With President-elect Obama's inauguration looming just days away, the District Court of the District of Columbia issued the directive instructing the Executive Office of the President (EOP) to search its computers and ordering EOP staff "to surrender any media in their possession that may contain e-mails from March 2003 to October 2005."

In February of 2008, a former Bush administration employee said at a congressional hearing that the White House's "primitive" archiving system may have lost more than a million emails.
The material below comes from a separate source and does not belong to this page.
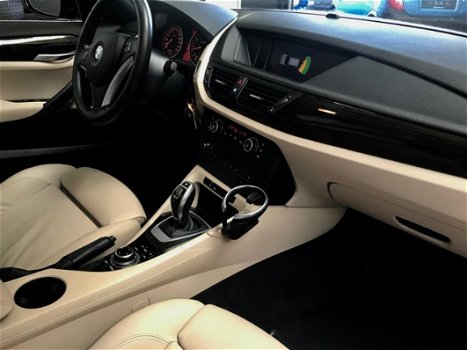 BMW X1 - SDrive20i Automaat | Panoramadak | Navigatie | - 1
Soon after Bush was first elected, as RAW STORY reported on Nov. 24, the White House dismantled the records management system that President Bill Clinton had implemented, replacing it with an unreliable system that led to the massive number of email deletions from White House servers.

Similar communications losses apparently struck former top Bush adviser Karl Rove, when a Republican National Committee lawyer admitted in 2007 that at least four years of emails sent by Rove had "gone missing." The admission came as Congress investigated the controversial dismissals of US Attorneys by the Bush Justice Department.

In February of 2008, a former Bush administration employee said at a congressional hearing that the White House's "primitive" archiving system may have lost more than a million emails over 1,000 days.

Ironically, Cheney's office is missing emails from the very day President Bush told reporters he'd "take care of" whatever staff member had leaked the identity of CIA agent Valerie Plame.

Cheney's office also is missing e-mails from Oct. 4, 2003, when the Justice Department demanded that the White House turn over "all documents that relate in any way" to the leak of Plame's identity. E-mails are also missing for the following day, during which the probe intensified and CIA director George Tenet found himself at the center of it, "caught between his loyalty to the president and defending an agency enraged" at Plame's exposure, according to the New York Times.

As US Attorney Patrick Fitzgerald's probe into the Plame case continued over the next few years, emails continued to disappear, CREW said. More e-mails were missing from Cheney's office on Feb. 16, 2005, when a court ordered reporters who had discussed Plame's identity with administration officials to testify about those conversations.

All in all, some 473 days of emails are missing from various Administration departments, according to a House Democrat who saw a White House presentation on the files.

Correction: An earlier version of this article asserted that the White House invoked executive privilege in their filing. The White House's legal argument is narrower, claiming that some of the emails fall outside the purview of the Federal Records Act.